— What to produce —
Nothing outside the range is to be copied. From the entries below, reproduce exactly the lines starting at the one with "קאבו סן לוקאס" and ending at the one with "BIRKENSTOCK Pantoletas MADRID", without pictures.

— Given records —
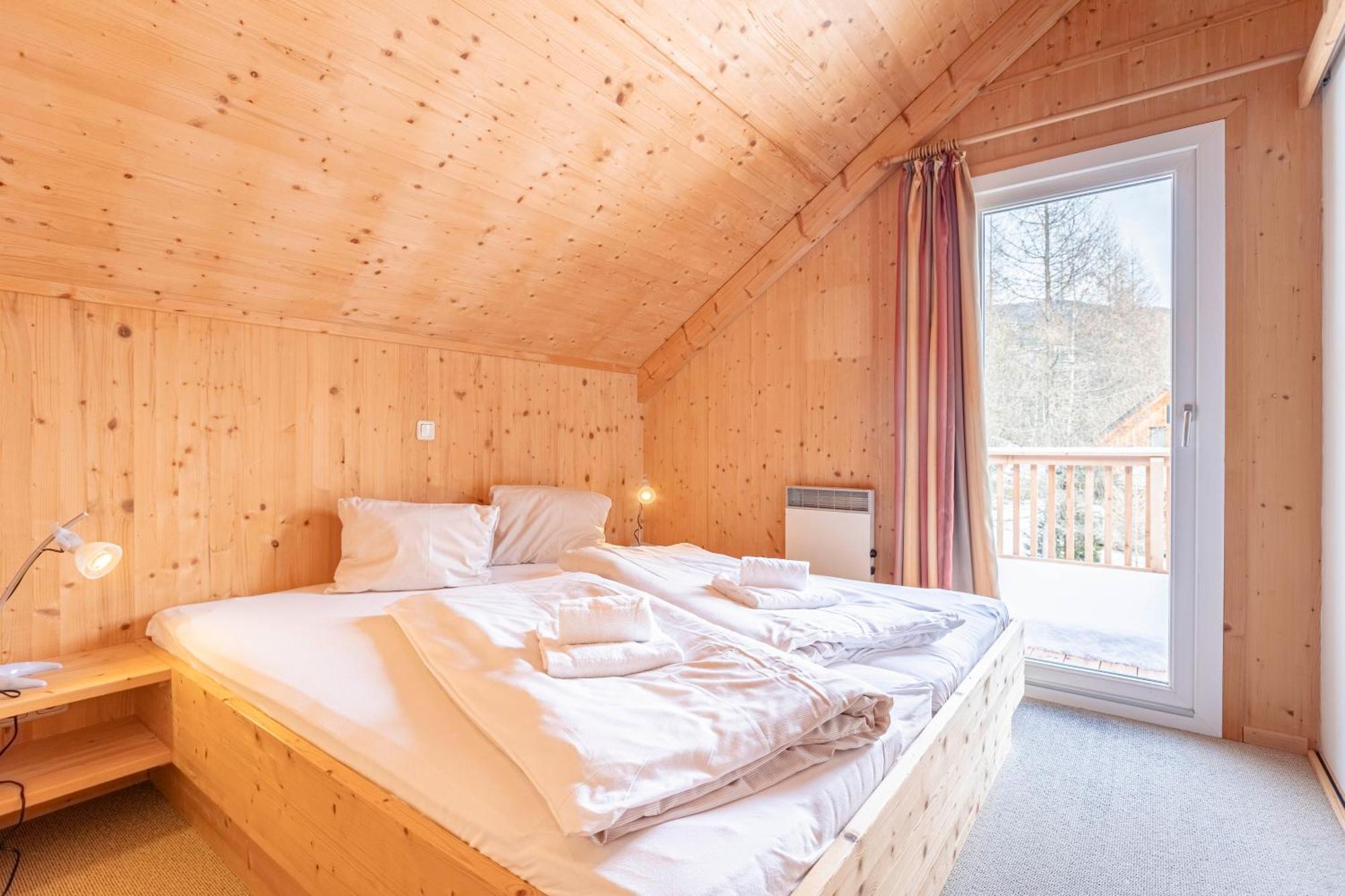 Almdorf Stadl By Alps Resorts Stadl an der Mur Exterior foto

* * *

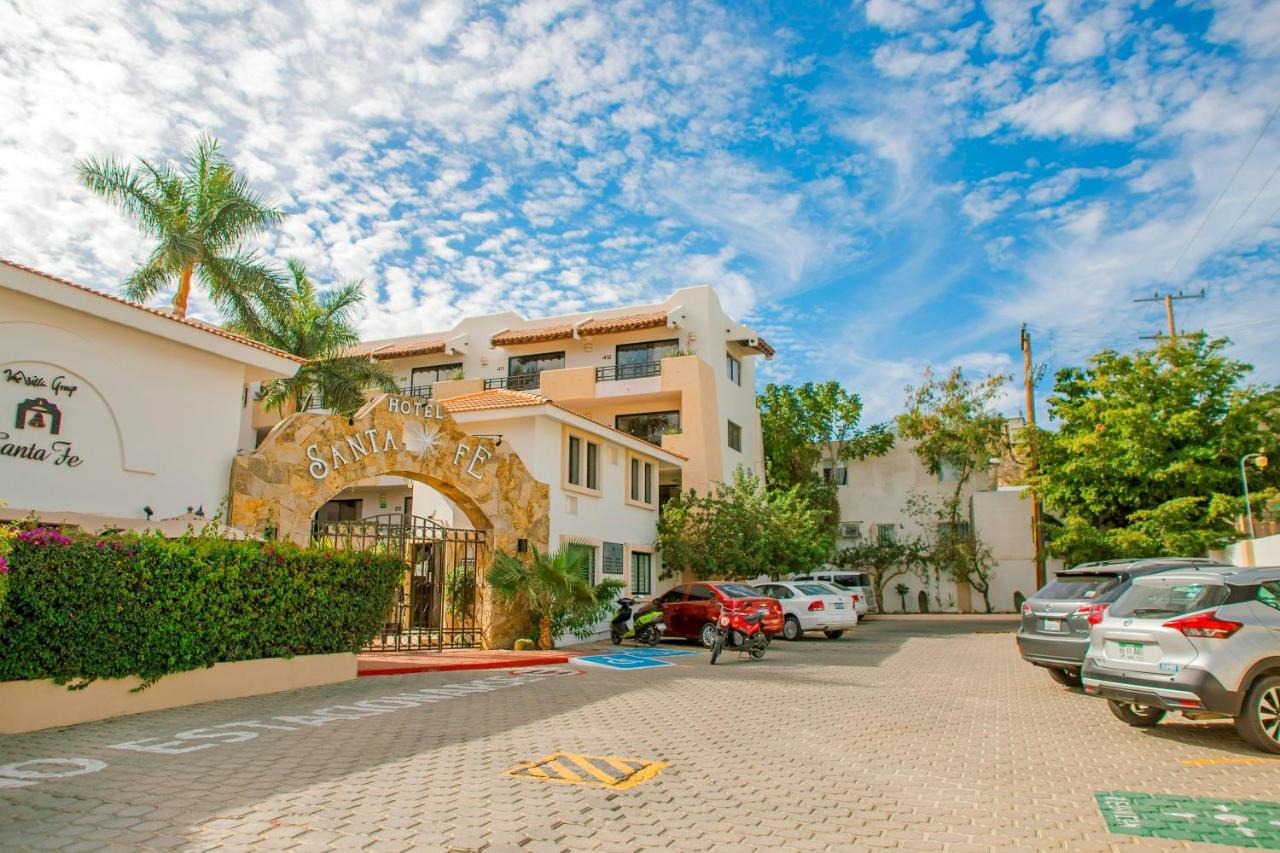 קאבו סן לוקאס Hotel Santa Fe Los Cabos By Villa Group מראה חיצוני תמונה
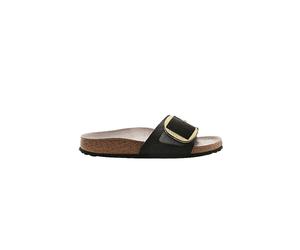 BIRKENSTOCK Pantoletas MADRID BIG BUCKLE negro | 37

— Answer space —
 קאבו סן לוקאס Hotel Santa Fe Los Cabos By Villa Group מראה חיצוני תמונה
 BIRKENSTOCK Pantoletas MADRID BIG BUCKLE negro | 37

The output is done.